Simple yet effective design and internals, full size portafilter, yes upgrade will come and you won't give away all baskets, tampers etc. For me this is the first machine to start with, afterwards comes HX and double boilers. Sage is also capable but I personally wouldn't go this direction. Temp surf w Classic is easy and maintenance as well. Upgrading Classic is real fun too, OPV adjust, brass shower plate and Rancilio steam wand and last but not least adding PID. Of course the money is yours so it is up to you.


----------



## Weymouth (Oct 2, 2018)

L&R said:


> Simple yet effective design and internals, full size portafilter, yes upgrade will come and you won't give away all baskets, tampers etc. For me this is the first machine to start with, afterwards comes HX and double boilers. Sage is also capable but I personally wouldn't go this direction. Temp surf w Classic is easy and maintenance as well. Upgrading Classic is real fun too, OPV adjust, brass shower plate and Rancilio steam wand and last but not least adding PID. Of course the money is yours so it is up to you.


Thanks for your reply.
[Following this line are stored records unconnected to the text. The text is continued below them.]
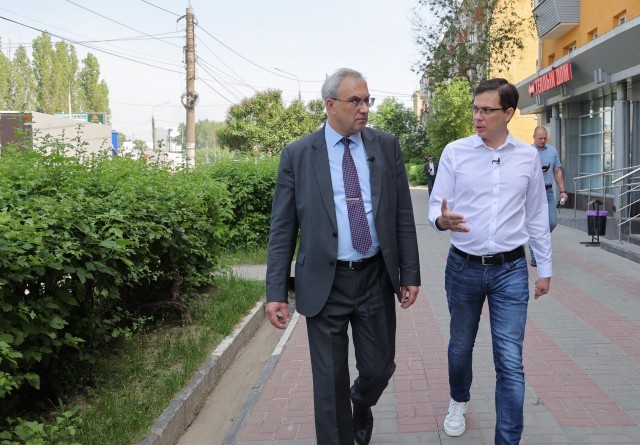 Юрий Шалабаев поручил восстановить озеленение в Ленинском районе в рамках гарантийных обязательств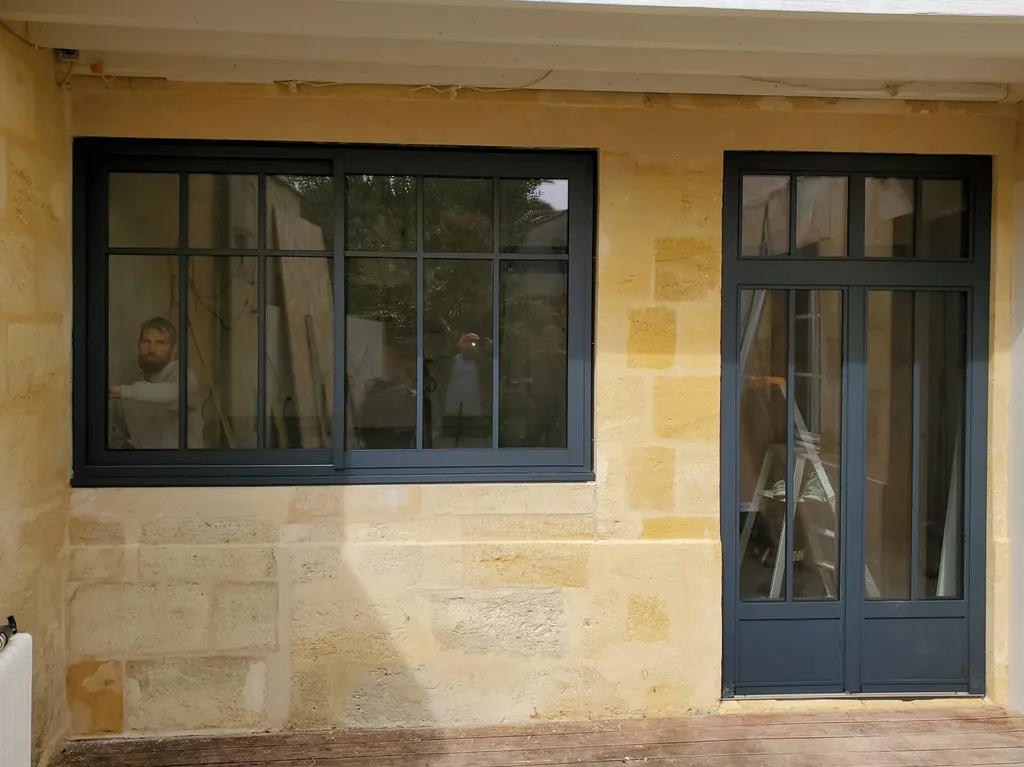 Bordeaux pose de menuiseries aluminium style verrière d'atelier par Aquit'M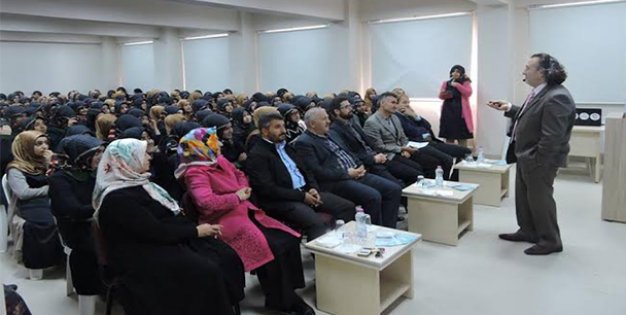 İLK-ÇEV seminer verdi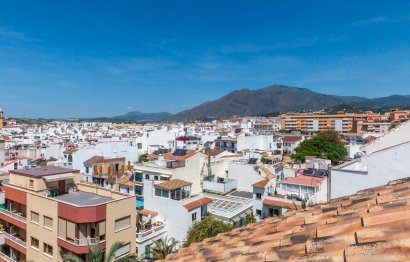 Resale - Apartment - Penthouse - Estepona - Estepona Centro
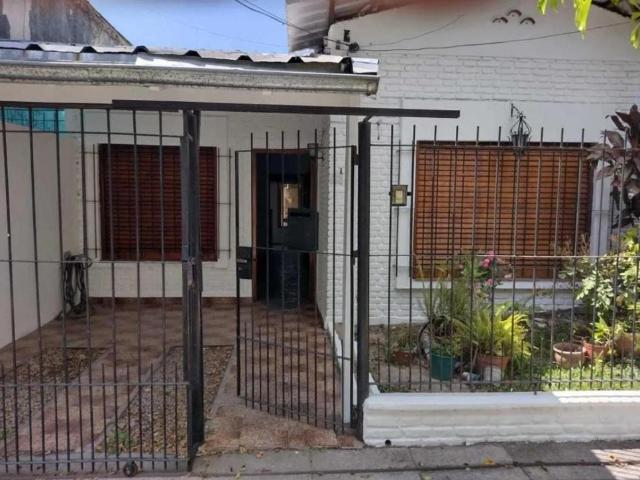 Tipo Casa 3 amb con cochera y patio Muy Bueno en Inmomap
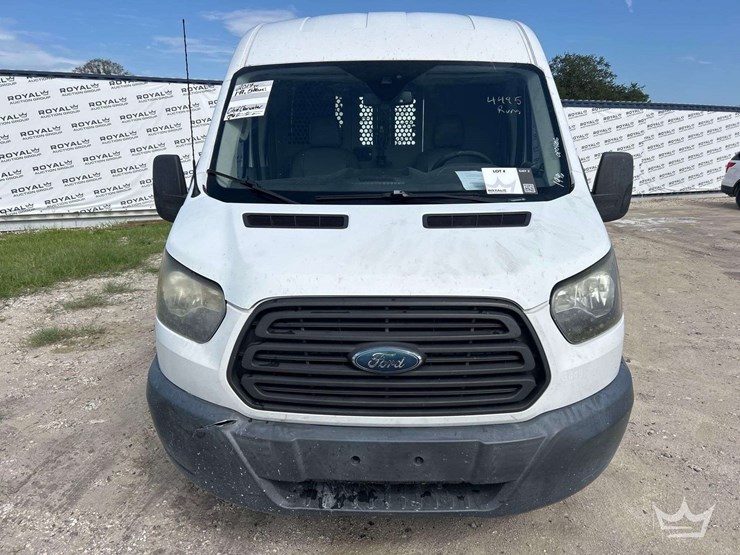 2017-ford-transit-image-22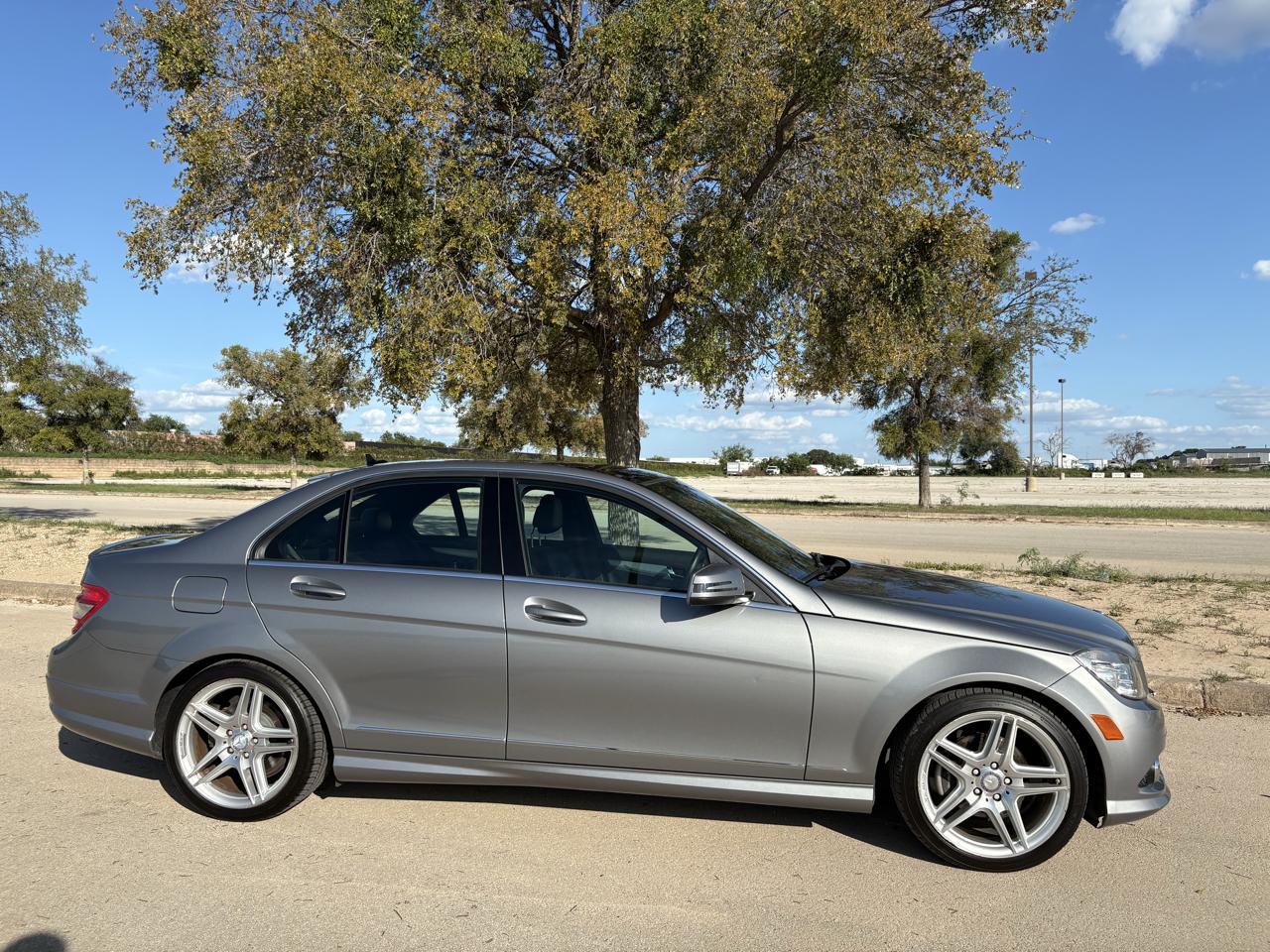 Mercedes-Benz C-Class  2010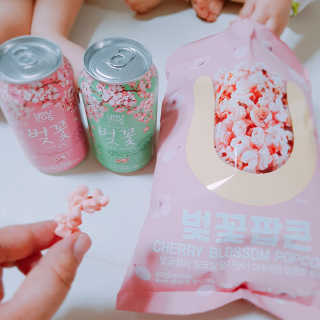 GS25 벚꽃 팝콘 + 벚꽃스파클링 + 벚꽃 청포도 에이드 — 4.67점을 준 리뷰어가 2018년 3월 올린 사용 사진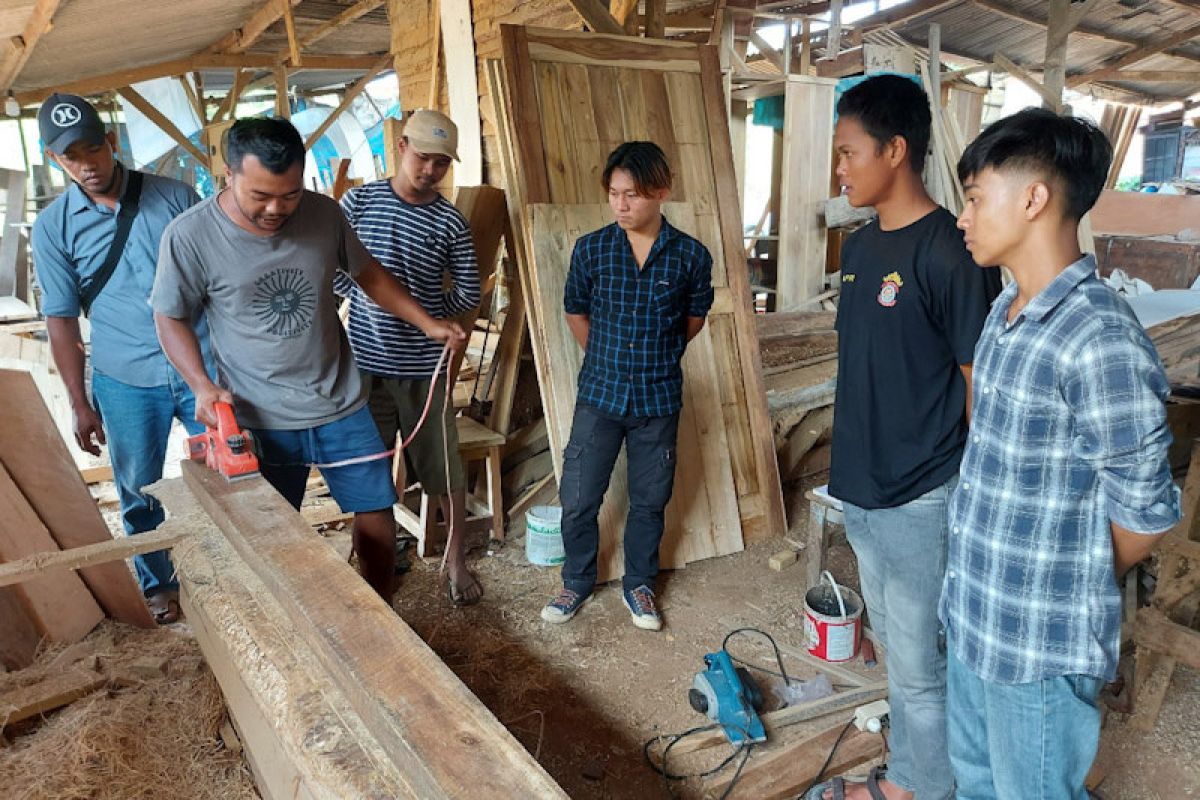 Bapas berikan pelatihan kepada klien di bidang mebel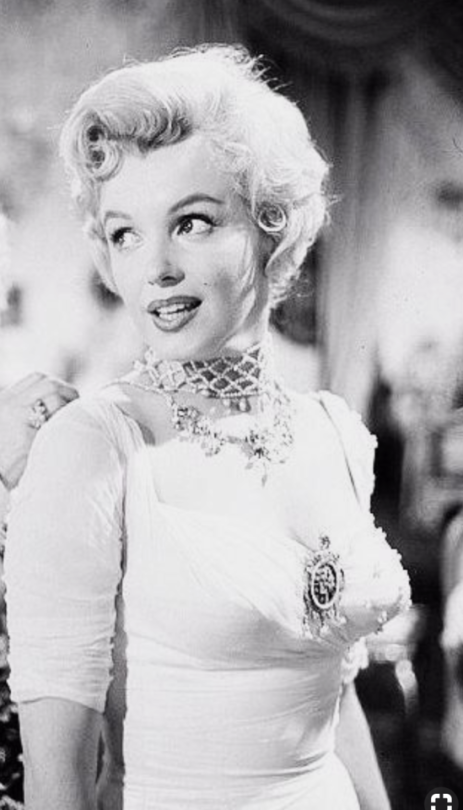 ourmarilyn: - Bonjour Mesdames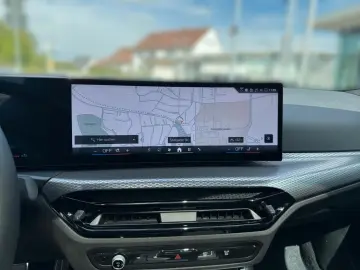 BMW 330i xDrive M Sport  Schiebedach  AHK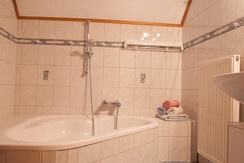 Bröcklhof - Ferienhaus Johann - Badewanne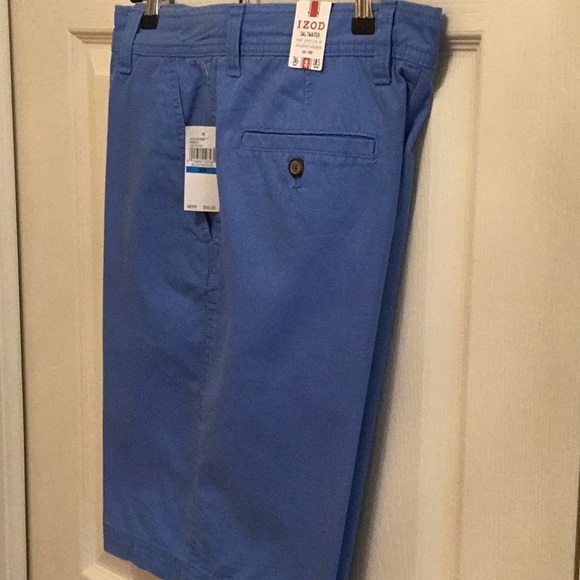*NWT* Izod flat front shorts. Size 36. Inseam 10.5. - Picture 4 of 4
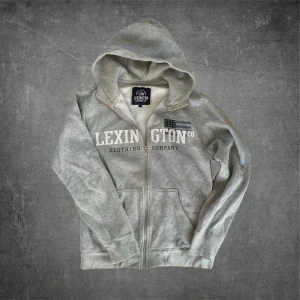 Lexington zip hoodie - Stilren Lexington Hoodie med tryck på bröstet | Storlek: S | Mycket bra skick! | Tveka inte att höra av vid funderingar!
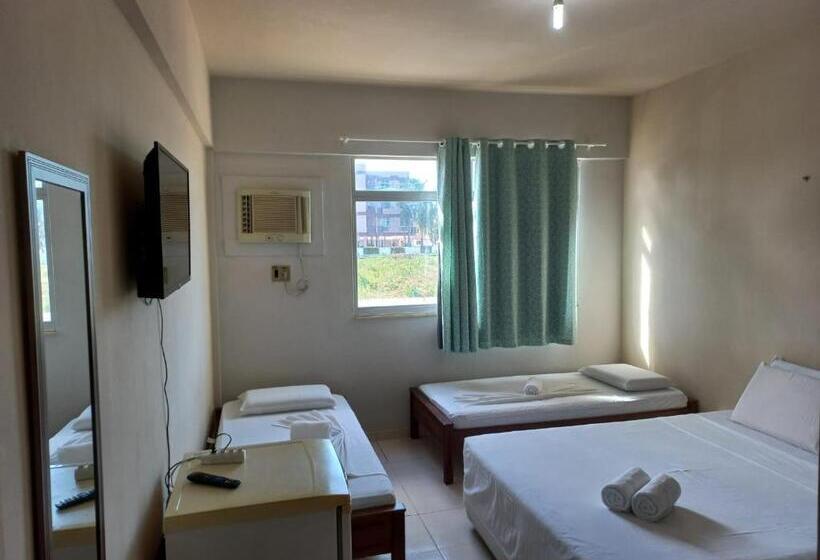 اتاق استاندارد چهار تخته, San Conrado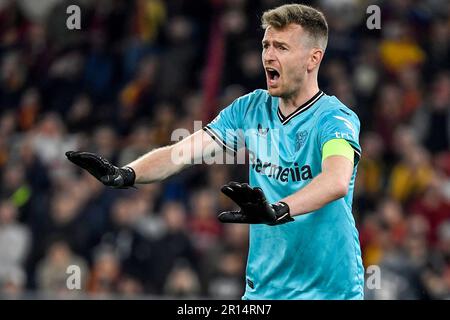 Rom, Italien. 11. Mai 2023. Lukas Hradecky von Bayer Leverkusen Gesten während des Europa League Fußballspiels zwischen AS Roma und Bayer Leverkusen im Olimpico Stadion in Rom (Italien), 11. Mai 2023. Kredit: Insidefoto di andrea staccioli/Alamy Live News Stockfoto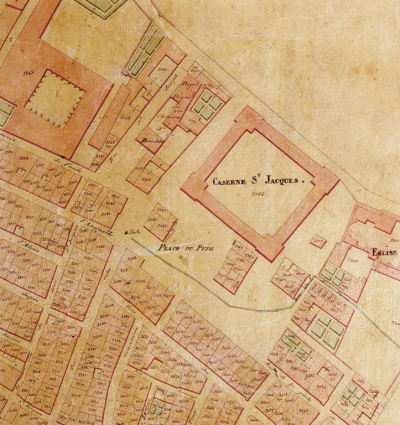 Place du Puig, début 19e siècle, détail du cadastre napoléonien: la caserne carrée avec une grande cour au centre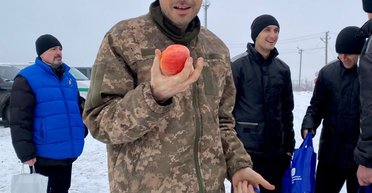 Як українців звільняють із полону. Історія Максима Колесникова — військового з яблуком
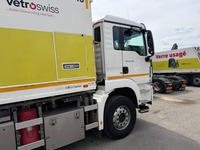 UNIK8334_3015913 vehicle image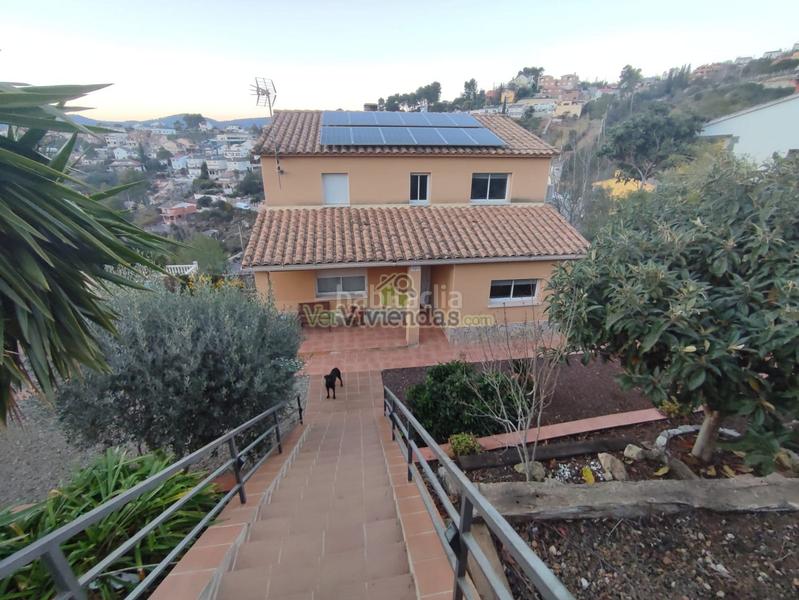 Foto 5f3758bc-b1fa-43c5-b13c-54f279073cbc. Chalet en n/a preciosa casa con piscina en Vallirana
So is full size portafilter better?


----------



## L&R (Mar 8, 2018)

I wouldn't use other than 58 mm now, unless it is about some retro lever machine.


----------



## Weymouth (Oct 2, 2018)

L&R said:


> I wouldn't use other than 58 mm now, unless it is about some retro lever machine.


Does 58mm give better results or is it because it's more standard so you can reuse baskets/tamers etc.?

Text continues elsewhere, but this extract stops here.